Anonymous Monk has asked for the wisdom of the Perl Monks concerning the following question:

Dear monks,

using the following code

print "- " =~ /\s*\p{Dash}\s*/; # 1 print "- " =~ /\s*\p{Dash}{1}\s*/; # 2 print "- " =~ /\s*-\s*/; # 3
only line 2 and 3 matches. Debugging the regex makes clear why:
Compiling REx "\s*\p{Dash}\s*" synthetic stclass "ANYOF[\11\12\14\15 ][{unicode_all}+utf8::Dash]". Final program: 1: STAR (3) 2: SPACE (0) 3: ANYOF[{unicode}+utf8::Dash] (15) 15: STAR (17) 16: SPACE (0) 17: END (0) stclass ANYOF[\11\12\14\15 ][{unicode_all}+utf8::Dash] minlen 1 Matching REx "\s*\p{Dash}\s*" against "- " Matching stclass ANYOF[\11\12\14\15 ][{unicode_all}+utf8::Dash] agains +t "- " (2 chars) 1 <-> < > | 1:STAR(3) SPACE can match 1 times out of 21474 +83647... 2 <- > <> | 3: ANYOF[{unicode}+utf8::Dash](15) failed... 1 <-> < > | 3: ANYOF[{unicode}\-...+utf8::Dash](1 +5) failed... failed... Contradicts stclass... [regexec_flags] Match failed Freeing REx: "\s*\p{Dash}\s*"

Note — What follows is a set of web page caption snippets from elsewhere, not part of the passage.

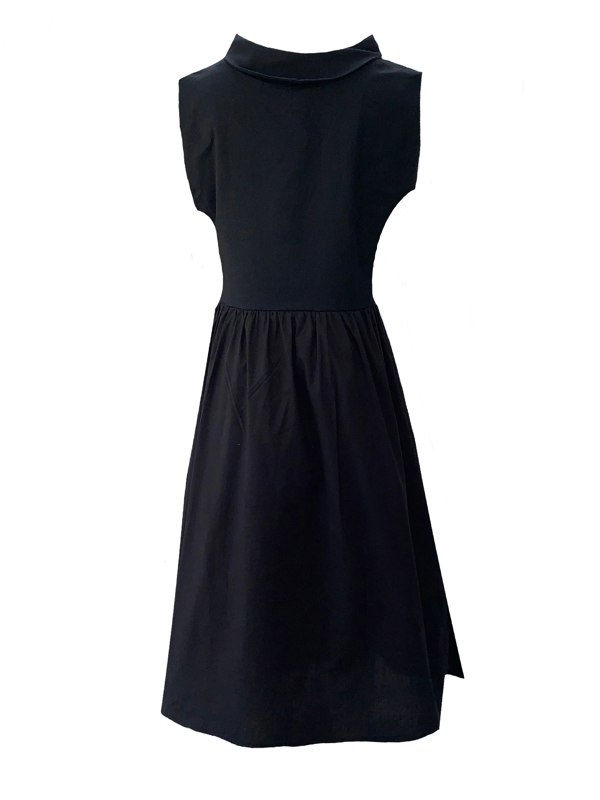 Frock Tales Midi Bass Dress With Cap Sleeve - Black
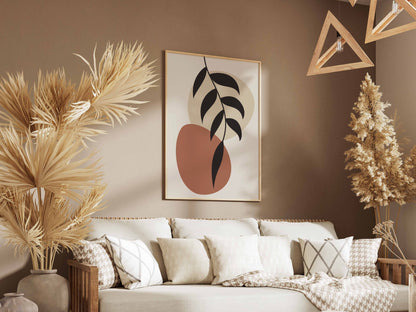 Brown Black Organic Leaf Balance Abstract Poster
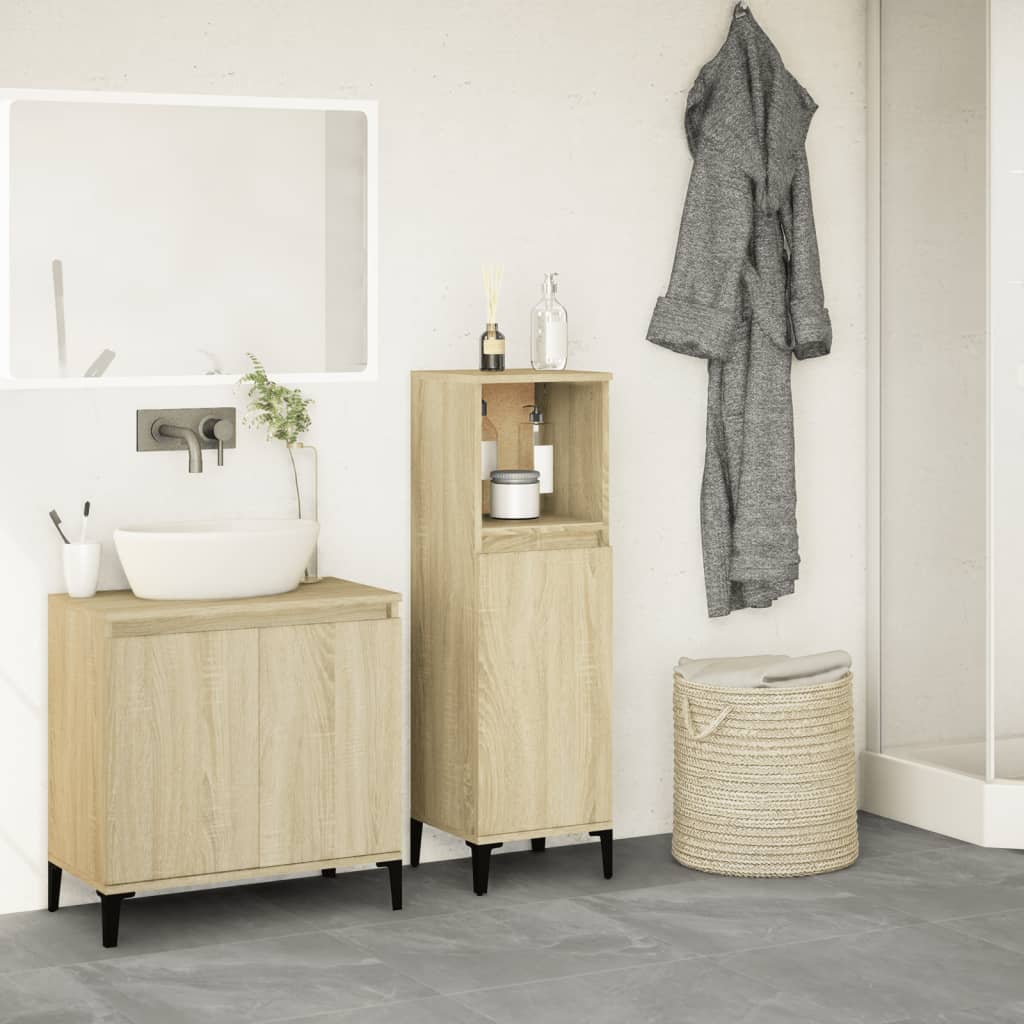 Badkamerkast 30x30x100 cm bewerkt hout sonoma eikenkleurig is nu te koop bij PeponiXL, paradijselijk wonen!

The first \s* matches the second character of "- " and the \p{Dash} fails, since the regex does not backtrack beyond the last space. But shouldn't there be a match?

Version 3 obviously matches because of some optimization (seraching for "-"), but why does Version 2 match, since it should be equivalent to 1?

Is this a bug or does my first regex simply not do what I think?

Cheers, Andrew

Replies are listed 'Best First'.
Re: Strange re behaviour for /\s*\p{Dash}\s*/ - bug or feature?
by JavaFan (Canon) on Aug 24, 2010 at 11:37 UTC
    Bug. An even simpler case:
    "-" =~ /\s*\p{Dash}/;
    This fails. Removing the \s* or adding {1} after the \p{Dash} makes it succeed.

    Please use perlbug to file a bug report.